Scraped caption text data
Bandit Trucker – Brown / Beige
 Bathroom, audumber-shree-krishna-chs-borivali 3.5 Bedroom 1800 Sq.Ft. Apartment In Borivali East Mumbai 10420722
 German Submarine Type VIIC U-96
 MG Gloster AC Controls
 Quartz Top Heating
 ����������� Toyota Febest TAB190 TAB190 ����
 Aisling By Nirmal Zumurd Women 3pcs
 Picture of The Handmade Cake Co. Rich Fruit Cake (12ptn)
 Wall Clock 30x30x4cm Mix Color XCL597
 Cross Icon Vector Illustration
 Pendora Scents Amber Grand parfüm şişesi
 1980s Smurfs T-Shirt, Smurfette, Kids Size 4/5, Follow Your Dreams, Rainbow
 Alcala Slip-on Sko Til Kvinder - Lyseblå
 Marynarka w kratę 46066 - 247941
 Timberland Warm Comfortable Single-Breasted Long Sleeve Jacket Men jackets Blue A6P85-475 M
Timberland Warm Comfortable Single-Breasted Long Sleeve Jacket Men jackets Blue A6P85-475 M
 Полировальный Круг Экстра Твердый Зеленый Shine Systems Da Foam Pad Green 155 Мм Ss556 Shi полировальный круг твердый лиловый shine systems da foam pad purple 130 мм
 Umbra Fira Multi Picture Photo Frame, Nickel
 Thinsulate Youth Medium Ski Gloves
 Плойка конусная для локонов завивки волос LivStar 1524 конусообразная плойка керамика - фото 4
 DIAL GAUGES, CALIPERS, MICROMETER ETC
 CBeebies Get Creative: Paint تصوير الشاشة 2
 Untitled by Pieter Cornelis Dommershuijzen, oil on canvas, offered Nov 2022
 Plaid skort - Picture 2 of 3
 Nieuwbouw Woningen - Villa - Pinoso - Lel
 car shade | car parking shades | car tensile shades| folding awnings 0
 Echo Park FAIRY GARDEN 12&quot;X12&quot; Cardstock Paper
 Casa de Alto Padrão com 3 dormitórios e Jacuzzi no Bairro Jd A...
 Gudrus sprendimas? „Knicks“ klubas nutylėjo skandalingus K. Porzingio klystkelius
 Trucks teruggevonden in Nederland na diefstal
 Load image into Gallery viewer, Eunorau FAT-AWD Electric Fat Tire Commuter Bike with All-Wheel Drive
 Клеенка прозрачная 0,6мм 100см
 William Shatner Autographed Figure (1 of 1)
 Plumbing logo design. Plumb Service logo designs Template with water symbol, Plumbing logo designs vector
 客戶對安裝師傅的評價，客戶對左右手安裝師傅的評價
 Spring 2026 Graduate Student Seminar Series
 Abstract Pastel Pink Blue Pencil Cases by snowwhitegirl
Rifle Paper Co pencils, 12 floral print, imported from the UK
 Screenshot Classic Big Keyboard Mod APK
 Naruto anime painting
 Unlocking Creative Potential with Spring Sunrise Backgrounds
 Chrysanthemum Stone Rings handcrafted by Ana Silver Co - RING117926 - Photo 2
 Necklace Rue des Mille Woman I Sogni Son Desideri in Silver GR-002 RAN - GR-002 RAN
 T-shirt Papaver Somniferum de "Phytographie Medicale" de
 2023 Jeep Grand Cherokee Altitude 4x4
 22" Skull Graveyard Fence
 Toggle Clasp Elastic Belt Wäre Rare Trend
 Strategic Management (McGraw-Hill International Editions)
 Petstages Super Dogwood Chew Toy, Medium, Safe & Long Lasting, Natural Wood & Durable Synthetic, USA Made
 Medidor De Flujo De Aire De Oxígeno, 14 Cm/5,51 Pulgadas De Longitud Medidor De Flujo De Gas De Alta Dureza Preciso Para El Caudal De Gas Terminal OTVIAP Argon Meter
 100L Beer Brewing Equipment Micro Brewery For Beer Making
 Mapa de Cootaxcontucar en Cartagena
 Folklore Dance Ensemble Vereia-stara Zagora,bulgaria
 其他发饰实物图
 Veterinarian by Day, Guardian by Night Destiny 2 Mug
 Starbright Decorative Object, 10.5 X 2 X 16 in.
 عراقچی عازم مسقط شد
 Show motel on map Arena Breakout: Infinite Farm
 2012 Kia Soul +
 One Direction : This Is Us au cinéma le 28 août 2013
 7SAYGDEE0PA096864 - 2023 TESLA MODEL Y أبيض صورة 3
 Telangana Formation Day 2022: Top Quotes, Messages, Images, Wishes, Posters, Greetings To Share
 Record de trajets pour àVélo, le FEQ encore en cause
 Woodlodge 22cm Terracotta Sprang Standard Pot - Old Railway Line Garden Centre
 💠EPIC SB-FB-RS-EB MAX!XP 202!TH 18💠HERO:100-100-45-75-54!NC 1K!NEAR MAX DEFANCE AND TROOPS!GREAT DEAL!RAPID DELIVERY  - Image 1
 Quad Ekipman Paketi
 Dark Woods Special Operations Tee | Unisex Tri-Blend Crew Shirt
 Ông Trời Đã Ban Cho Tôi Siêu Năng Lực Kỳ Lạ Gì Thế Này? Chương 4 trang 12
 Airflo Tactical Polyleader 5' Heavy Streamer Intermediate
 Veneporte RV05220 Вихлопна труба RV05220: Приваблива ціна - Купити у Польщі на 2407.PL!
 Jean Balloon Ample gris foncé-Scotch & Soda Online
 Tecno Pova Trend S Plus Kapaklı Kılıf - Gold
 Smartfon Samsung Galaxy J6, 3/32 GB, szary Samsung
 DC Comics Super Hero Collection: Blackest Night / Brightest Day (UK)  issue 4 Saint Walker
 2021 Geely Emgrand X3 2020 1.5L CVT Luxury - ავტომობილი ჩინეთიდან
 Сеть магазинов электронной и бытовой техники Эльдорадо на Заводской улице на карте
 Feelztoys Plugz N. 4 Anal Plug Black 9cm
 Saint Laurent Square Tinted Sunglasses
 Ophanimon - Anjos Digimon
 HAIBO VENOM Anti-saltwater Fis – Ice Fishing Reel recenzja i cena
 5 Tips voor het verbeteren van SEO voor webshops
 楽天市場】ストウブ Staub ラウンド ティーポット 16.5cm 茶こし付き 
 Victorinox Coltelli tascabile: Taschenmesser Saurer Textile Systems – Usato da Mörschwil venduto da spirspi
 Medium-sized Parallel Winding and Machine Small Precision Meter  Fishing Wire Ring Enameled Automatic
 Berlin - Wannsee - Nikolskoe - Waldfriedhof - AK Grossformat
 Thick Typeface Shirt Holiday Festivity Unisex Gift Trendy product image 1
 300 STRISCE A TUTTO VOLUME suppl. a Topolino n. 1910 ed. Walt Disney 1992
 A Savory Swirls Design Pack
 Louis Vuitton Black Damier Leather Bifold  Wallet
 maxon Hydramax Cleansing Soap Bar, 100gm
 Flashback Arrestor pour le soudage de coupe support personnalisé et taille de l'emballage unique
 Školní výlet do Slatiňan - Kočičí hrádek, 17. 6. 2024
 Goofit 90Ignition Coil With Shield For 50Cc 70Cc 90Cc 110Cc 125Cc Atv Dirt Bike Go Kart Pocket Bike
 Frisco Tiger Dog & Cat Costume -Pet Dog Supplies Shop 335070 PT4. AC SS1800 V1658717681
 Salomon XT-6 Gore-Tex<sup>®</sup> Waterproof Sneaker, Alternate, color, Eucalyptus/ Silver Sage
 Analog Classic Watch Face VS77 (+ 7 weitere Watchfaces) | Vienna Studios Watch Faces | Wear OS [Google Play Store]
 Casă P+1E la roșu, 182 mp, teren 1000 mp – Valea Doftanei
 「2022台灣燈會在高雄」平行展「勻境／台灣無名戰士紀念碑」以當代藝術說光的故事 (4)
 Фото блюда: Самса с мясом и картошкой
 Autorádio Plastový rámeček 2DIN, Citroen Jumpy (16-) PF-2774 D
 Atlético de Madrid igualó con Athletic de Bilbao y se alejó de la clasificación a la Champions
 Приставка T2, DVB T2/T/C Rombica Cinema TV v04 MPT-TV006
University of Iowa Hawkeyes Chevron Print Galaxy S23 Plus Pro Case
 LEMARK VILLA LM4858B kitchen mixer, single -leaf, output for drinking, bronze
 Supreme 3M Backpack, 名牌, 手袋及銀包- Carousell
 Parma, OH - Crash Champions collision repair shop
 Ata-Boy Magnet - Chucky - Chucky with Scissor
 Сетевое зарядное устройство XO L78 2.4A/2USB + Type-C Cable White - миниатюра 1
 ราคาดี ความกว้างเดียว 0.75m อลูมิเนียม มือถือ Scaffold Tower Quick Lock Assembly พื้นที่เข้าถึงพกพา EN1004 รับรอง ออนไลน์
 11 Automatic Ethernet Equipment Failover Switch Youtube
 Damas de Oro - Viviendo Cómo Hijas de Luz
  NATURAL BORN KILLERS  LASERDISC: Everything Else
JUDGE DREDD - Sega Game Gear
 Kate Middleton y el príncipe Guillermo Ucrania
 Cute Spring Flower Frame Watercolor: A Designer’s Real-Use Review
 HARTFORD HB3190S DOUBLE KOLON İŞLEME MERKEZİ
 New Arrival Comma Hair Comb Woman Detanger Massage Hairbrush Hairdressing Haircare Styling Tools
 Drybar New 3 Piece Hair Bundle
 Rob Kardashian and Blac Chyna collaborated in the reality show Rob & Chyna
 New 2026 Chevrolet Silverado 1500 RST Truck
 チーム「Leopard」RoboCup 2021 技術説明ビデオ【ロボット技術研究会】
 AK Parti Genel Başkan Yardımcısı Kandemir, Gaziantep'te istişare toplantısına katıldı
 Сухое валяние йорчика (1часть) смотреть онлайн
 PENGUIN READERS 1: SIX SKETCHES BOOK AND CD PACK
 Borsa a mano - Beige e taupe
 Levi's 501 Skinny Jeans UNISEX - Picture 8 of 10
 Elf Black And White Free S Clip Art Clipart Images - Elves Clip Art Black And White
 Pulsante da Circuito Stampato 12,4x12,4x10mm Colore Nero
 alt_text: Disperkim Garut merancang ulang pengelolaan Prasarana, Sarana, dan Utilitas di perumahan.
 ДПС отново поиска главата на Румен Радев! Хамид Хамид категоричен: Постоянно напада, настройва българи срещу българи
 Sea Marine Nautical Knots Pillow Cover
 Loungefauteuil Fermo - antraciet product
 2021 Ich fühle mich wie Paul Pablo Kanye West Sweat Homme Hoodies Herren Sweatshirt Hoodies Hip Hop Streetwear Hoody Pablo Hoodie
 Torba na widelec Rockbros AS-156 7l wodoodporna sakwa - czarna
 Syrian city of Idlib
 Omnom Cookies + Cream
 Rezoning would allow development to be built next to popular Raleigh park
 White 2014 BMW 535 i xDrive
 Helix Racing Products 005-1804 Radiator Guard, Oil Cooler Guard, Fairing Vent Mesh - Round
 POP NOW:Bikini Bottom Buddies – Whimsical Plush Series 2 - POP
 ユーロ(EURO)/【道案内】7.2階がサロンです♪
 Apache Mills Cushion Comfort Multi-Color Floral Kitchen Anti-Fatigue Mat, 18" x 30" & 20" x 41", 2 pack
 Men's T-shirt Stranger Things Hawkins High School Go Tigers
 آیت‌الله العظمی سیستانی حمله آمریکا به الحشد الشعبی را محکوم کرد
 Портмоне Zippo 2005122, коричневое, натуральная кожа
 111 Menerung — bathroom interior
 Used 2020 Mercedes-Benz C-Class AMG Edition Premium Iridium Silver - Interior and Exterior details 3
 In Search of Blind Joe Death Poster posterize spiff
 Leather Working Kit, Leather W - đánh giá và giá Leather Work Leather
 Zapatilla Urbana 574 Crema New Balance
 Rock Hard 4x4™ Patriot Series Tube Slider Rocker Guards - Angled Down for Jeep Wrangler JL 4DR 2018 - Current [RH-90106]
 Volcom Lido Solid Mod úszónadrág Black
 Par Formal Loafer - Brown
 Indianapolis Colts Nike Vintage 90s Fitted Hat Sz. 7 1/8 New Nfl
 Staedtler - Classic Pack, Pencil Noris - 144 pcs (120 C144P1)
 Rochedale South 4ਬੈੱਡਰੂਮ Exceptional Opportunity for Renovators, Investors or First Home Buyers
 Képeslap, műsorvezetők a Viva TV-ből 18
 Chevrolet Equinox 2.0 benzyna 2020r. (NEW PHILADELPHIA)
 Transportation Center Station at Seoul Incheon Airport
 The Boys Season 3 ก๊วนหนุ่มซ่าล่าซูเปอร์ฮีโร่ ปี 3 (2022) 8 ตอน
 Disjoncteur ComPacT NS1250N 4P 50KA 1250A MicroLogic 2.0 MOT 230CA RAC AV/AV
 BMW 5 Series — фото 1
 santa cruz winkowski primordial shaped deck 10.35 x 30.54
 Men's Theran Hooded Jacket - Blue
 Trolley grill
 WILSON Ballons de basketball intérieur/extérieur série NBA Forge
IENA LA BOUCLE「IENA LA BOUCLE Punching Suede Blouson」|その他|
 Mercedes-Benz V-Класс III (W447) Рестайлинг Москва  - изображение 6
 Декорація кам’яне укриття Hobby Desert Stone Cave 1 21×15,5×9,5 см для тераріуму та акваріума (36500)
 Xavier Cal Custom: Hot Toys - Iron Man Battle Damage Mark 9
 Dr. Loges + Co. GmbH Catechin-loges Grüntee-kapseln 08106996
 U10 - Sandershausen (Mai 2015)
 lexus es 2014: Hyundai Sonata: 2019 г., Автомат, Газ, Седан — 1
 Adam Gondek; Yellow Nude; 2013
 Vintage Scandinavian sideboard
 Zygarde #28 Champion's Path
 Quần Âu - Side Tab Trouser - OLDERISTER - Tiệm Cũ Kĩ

## WHAT THE TASK REQUIRES
Please report, as a bare number, how many lines of the data contain the word "Fishing".

## SOLUTION TO THIS PROBLEM
2